I am using the FPGrowth in sparks's mllib to find frequent patterns. Here is my code:
object FPGrowthExample{
def main(args:Array[String]){
val conf = new SparkConf().setAppName("FPGrowthExample")
val sc = new SparkContext(conf)
val data = sc.textFile("/user/text").map(s => s.trim.split(" ")).cache()
val fpg = new FPGrowth().setMinSupport(0.005).setNumPartitions(10)
val model = fpg.run(data)
val output = model.freqItemsets.map(itemset => itemset.items.mkString("[", ",", "]") + ", " + itemset.freq)
output.repartition(1).saveAsTextFile("/user/result")
sc.stop()
}
}
when the text has 800000 lines and each line is treat as a doc, the spark gives a stackoverflowerror. Here is the error:
java.lang.StackOverflowError
at java.lang.Exception.<init>(Exception.java:102)
at java.lang.ReflectiveOperationException.<init>
(ReflectiveOperationException.java:89)
at java.lang.reflect.InvocationTargetException.<init>
(InvocationTargetException.java:72)
at sun.reflect.GeneratedMethodAccessor1.invoke(Unknown Source)
at sun.reflect.DelegatingMethodAccessorImpl.invoke(DelegatingMethodAccessorImpl.java:43)
at java.lang.reflect.Method.invoke(Method.java:606)
at java.io.ObjectStreamClass.invokeWriteObject(ObjectStreamClass.java:988)
at java.io.ObjectOutputStream.writeSerialData(ObjectOutputStream.java:1495)
at java.io.ObjectOutputStream.writeOrdinaryObject(ObjectOutputStream.java:1431)
at java.io.ObjectOutputStream.writeObject0(ObjectOutputStream.java:1177)

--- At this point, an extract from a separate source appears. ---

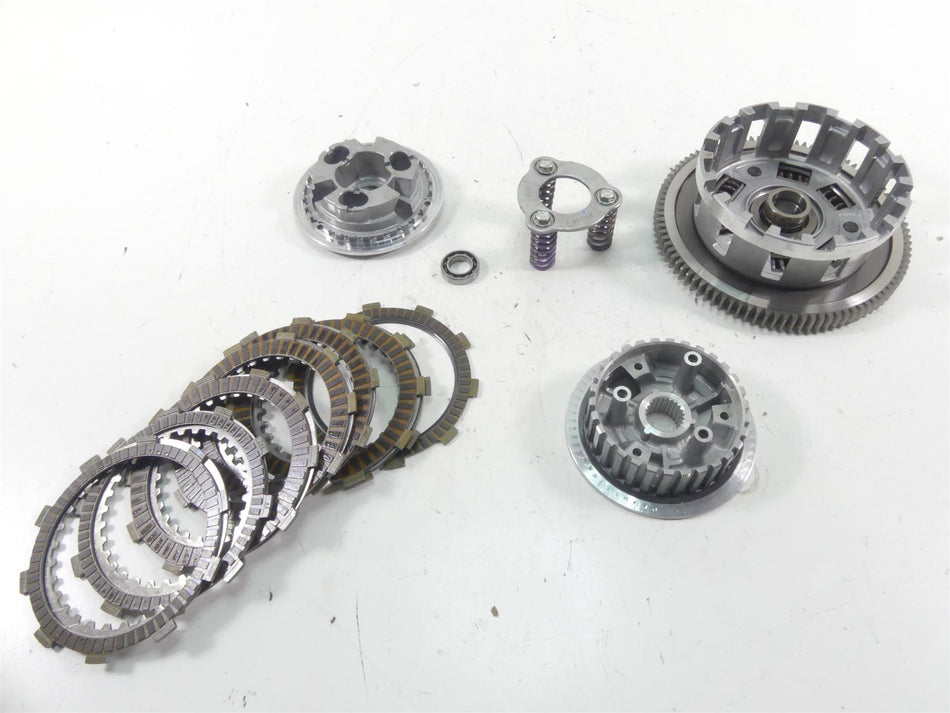 2017 Triumph Thruxton 1200 R Clutch Friction Disc Basket Set T1175500 T1175522 {{ shop.shopifyCountryName }} - Mototech271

at java.io.ObjectOutputStream.defaultWriteFields(ObjectOutputStream.java:1547)
at java.io.ObjectOutputStream.writeSerialData(ObjectOutputStream.java:1508)
at java.io.ObjectOutputStream.writeOrdinaryObject(ObjectOutputStream.java:1431)
at java.io.ObjectOutputStream.writeObject0(ObjectOutputStream.java:1177)
at java.io.ObjectOutputStream.writeObject(ObjectOutputStream.java:347)
at scala.collection.mutable.HashMap$$anonfun$writeObject$1.apply(HashMap.scala:137)
at scala.collection.mutable.HashMap$$anonfun$writeObject$1.apply(HashMap.scala:135)
at scala.collection.mutable.HashTable$class.foreachEntry(HashTable.scala:226)
at scala.collection.mutable.HashMap.foreachEntry(HashMap.scala:39)
at scala.collection.mutable.HashTable$class.serializeTo(HashTable.scala:124)
at scala.collection.mutable.HashMap.serializeTo(HashMap.scala:39)
at scala.collection.mutable.HashMap.writeObject(HashMap.scala:135)
Here is my submit script:
/usr/local/webserver/spark-1.5.1-bin-2.6.0/bin/spark-submit --master yarn -- deploy-mode cluster
--num-executors 30 --driver-memory 30g
--executor-memory 30g --executor-cores 10
--conf spark.driver.maxResultSize-10g --class FPGrowthExample project.jar
I don't know how to fix it and it runs well when the input only has 1000 lines.